La Utopía de Moro, pues, cumple en este año medio milenio de existencia. Hoy nos asomamos a sus breves pero intensas páginas y casi nos hace temblar la actualidad de este pequeño tratado que no era sino un compendio de tradiciones y recursos estilísticos y topoi varios: el viaje, el diálogo, el consejo al príncipe, la reflexión sobre la sociedad y la política, la persecución del bien común como intuición de que solo a través de este bien general puede lograrse un Estado pacífico y fructífero. Después de 500 años, la clase política, en la mayoría de sus manifestaciones, continúa avasallando a las sociedades que rige, y el sentimiento de malestar, abuso y descontento arraiga indefectiblemente en un «pueblo» —ese ente tan lejano y ajeno al poder— que sigue necesitando un ideal al que aferrarse, un sol propicio al que mirar sin quemarnos la visión en el intento. Leamos un solo párrafo de Utopía a modo de ejemplo: «Así, cuando miro esas repúblicas que hoy día florecen por todas partes, no veo en ellas —¡Dios me perdone!— sino la conjura de los ricos para procurarse sus propias comodidades en nombre de la república. Imaginan e inventan toda suerte de artificios para conservar, sin miedo a perderlas, todas las cosas de que se han apropiado con malas artes, y también para abusar de los pobres pagándoles por su trabajo tan poco dinero como pueden. Y cuando los ricos han decretado tales invenciones, enseguida se convierten en leyes». Salarios precarios, prevaricación, legislación a medida… la terrible ficción, en nada obsoleta, de llevar a cabo «una política para el pueblo pero sin el pueblo». ¿Verdad que nos resulta familiar? Quevedo se arrodilló ante Utopía en su tiempo y nosotros hoy seguimos haciéndolo.

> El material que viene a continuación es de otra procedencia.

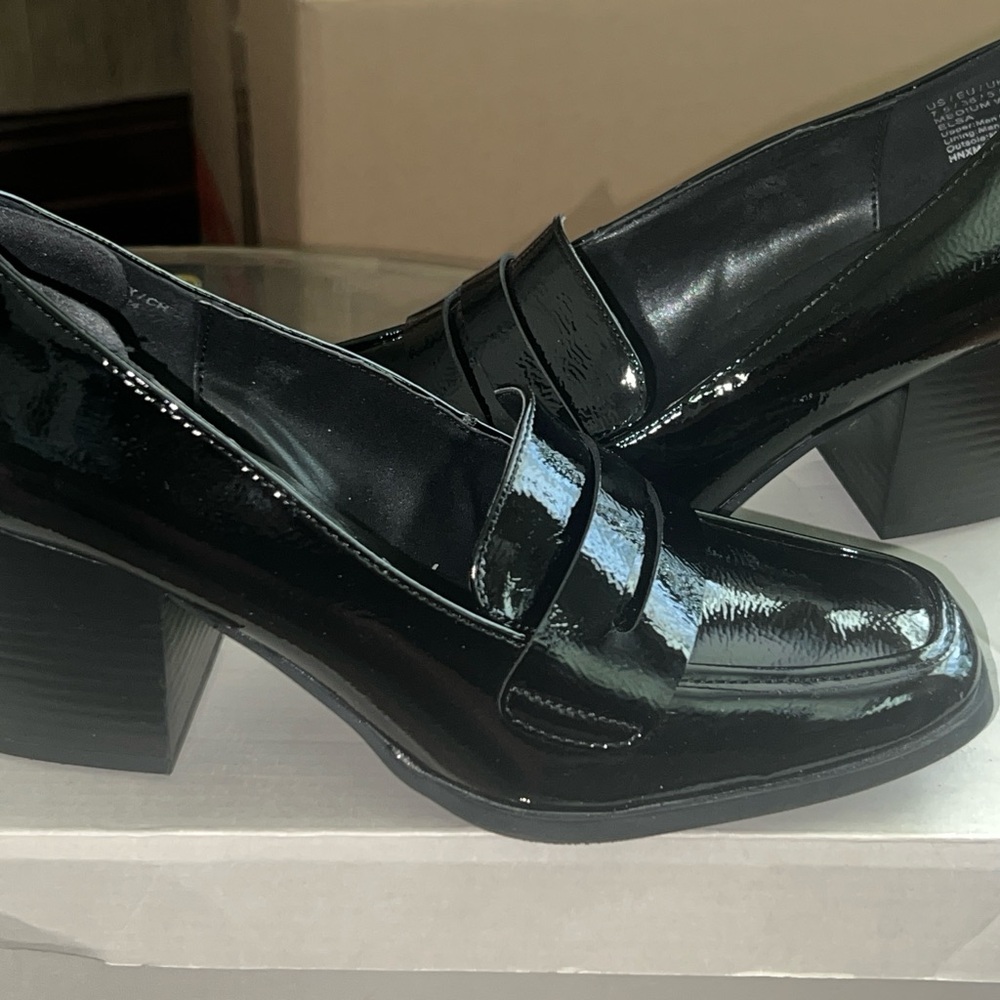 Kenneth Cole Black Flats Sophisticated Loafers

Se han señalado siempre como temas esenciales en Utopía la condena de la propiedad privada en tanto fuente de desigualdades, una federación sui generis como forma de organización administrativa, la repartición y reciclaje del trabajo… pero hay otros de igual o mayor calado: «Dejáis que se eduque a los niños deficientemente y que sus costumbres se corrompan desde sus primeros años, pero después los condenáis, al llegar a hombres, por faltas que en su niñez ya eran previsibles. ¿Qué otra cosa es esto más que convertirlos en ladrones y después castigarlos?». ¿Qué otra cosa se denuncia aquí sino lo que con pavorosa crudeza nos exponía Haneke en La cinta blanca?
El poder siempre resuelve sus falacias matando al mensajero. Así mataron a Moro hace 500 años. Así matarán hoy y siempre a todos los mensajeros de utopías.